Os efeitos especiais matam a pau desta vez. Não que tivessem sido ruins na primeira temporada, mas Stranger Things 2 aumenta o escopo da história e os efeitos seguem essa trajetória, não devendo em nada para séries com bem mais orçamento. Nenhum CG soa tão falso que te tire da história, ao mesmo tempo em que os efeitos visuais são usados pontualmente, quando necessário.
Ah, e é claro, a história conta com muitas referências aos anos 80, especialmente nas músicas e nos filmes (em particular Halloween). Além disso, a caracterização do período é mais uma vez certeira, não só nos figurinos, mas também no dia a dia das pessoas na cidade.
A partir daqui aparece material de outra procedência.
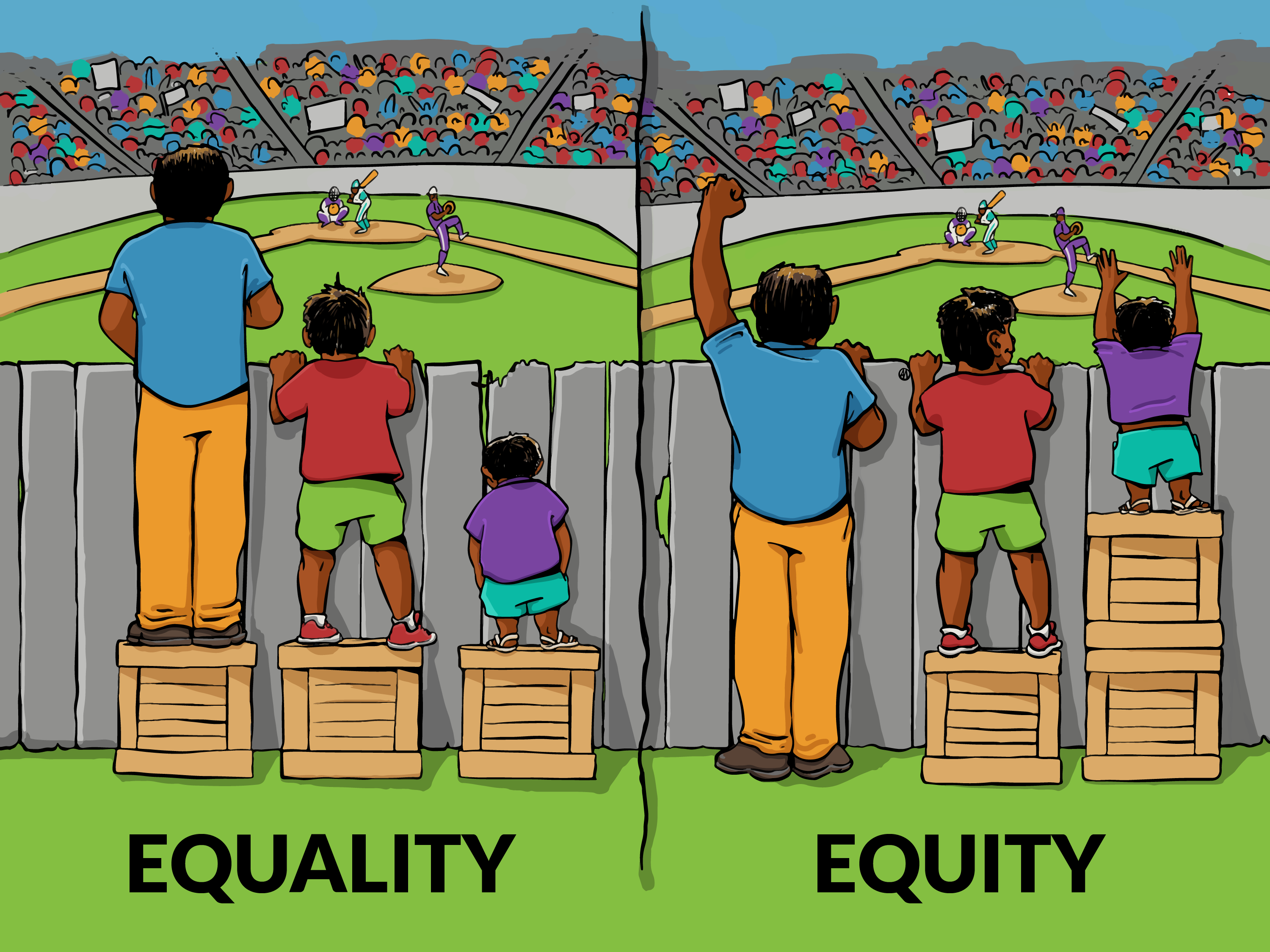 Image result for equal versus equitable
Num geral, Stranger Things 2 não faz muito para tirar minha convicção de que essa história deveria ter tido apenas uma temporada (e o fato dos criadores terem admitido que a ideia original era fazer uma antologia só reforça isso), mas não chega a ser uma perda de tempo. Graças a personagens interessantes e mais tridimensionais do que se esperaria (até com os “vilões” humanos), a nova temporada consegue entreter o suficiente e é uma boa pedida para esta época.